Par acte d'huissier en date du 21 juin 2019, la société Clos Saint-Gilles a assigné la société BNP Paribas en responsabilité devant le tribunal de grande instance de Paris.

Par jugement contradictoire en date du 26 octobre 2021, le tribunal judiciaire de Paris a :

- Reçu l'intervention de [K] [O] veuve [R] ; 

- Condamné la société S. F. R. à rembourser la somme de 10 euros à [K] [O] veuve [R] ;

- Débouté la société Clos Saint-Gilles et [K] [O] veuve [R] de toutes leurs autres demandes ;

- Dit n'y avoir lieu à statuer sur les appels en garantie des sociétés S. F. R. et BNP Paribas ;

- Débouté toutes les parties de leurs demandes au titre de l'article 700 du Code de procédure civile ;

- Condamné la société Clos Saint-Gilles et [K] [O] veuve [R] aux dépens dont droit de recouvrement direct au bénéfice de Maître Ronald Sarah ;

- Dit n'y avoir lieu à exécution provisoire.
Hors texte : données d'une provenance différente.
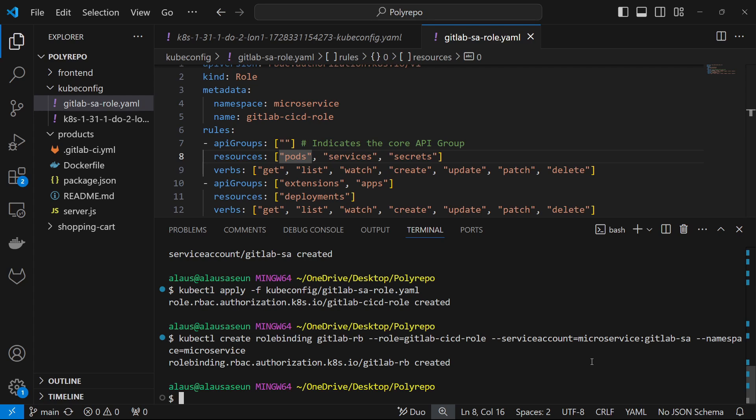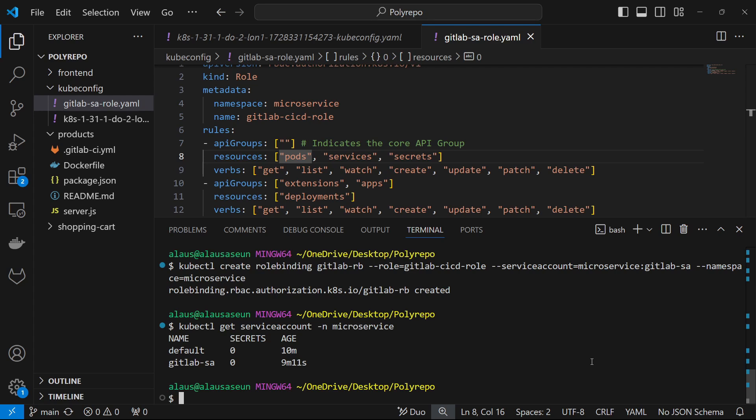Another thing I need to mention: starting from Kubernetes 1.24 onwards, normally when you create a service account, a secret would be created for you automatically. But that does not apply anymore — you have to do it yourself. If you run kubectl get serviceaccounts -n microservice, you can see the gitlab-sa is there but it does not have any secret created.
Par déclaration du 15 novembre 2021, la société civile immobilière Clos Saint-Gilles et [K] [O] veuve [R] ont interjeté appel du jugement.

Aux termes de ses dernières conclusions déposées le 27 octobre 2023, la société civile immobilière Clos Saint-Gilles et [I] [R],venant aux droits de [K] [O] veuve [R] décédée le [Date décès 8] 2023, demandent à la cour de :

CONFIRMER le jugement dont appel en ce qu'il a :

- CONDAMNE la SOCIETE FRANCAISE DU RADIOTELEPHONE à payer à Mme [R] la somme de 10 € prélevée le 10/04/2019,

REFORMER le jugement dont appel et :

DIRE Monsieur [I] [R], en sa qualité d'héritier venant aux droits de Mme [O] [R], recevable et bien fondée dans son intervention volontaire,

CONDAMNER in solidum, BNP PARIBAS et la SOCIETE FRANCAISE DU RADIOTELEPHONE à payer à la SCI CLOS SAINT GILLES:

- La somme de 118.420,37 € et la somme de 1717 € avec intérêts au taux légal à compter du 10/04/2019, avec capitalisation des intérêts à compter du 11/04/2019, et à lui restituer la totalité des frais, intérêts de retard, agios et pénalités débités de son compte, sous astreinte de 500 € par jour de retard un mois après la signification de l'arrêt à intervenir,

- La somme de 1.000 € par mois à compter du 1/04/2019 jusqu'au paiement intégral des sommes sus visées à titre de dommages-intérêts,

CONDAMNER in solidum BNP PARIBAS et la SOCIETE FRANCAISE DU RADIOTELEPHONE à payer à Monsieur [I] [R] et à la SCI CLOS SAINT GILLES la somme de 15.000 € titre de dommages-intérêts, outre 8.000 € au titre de l'article 700 du CpC.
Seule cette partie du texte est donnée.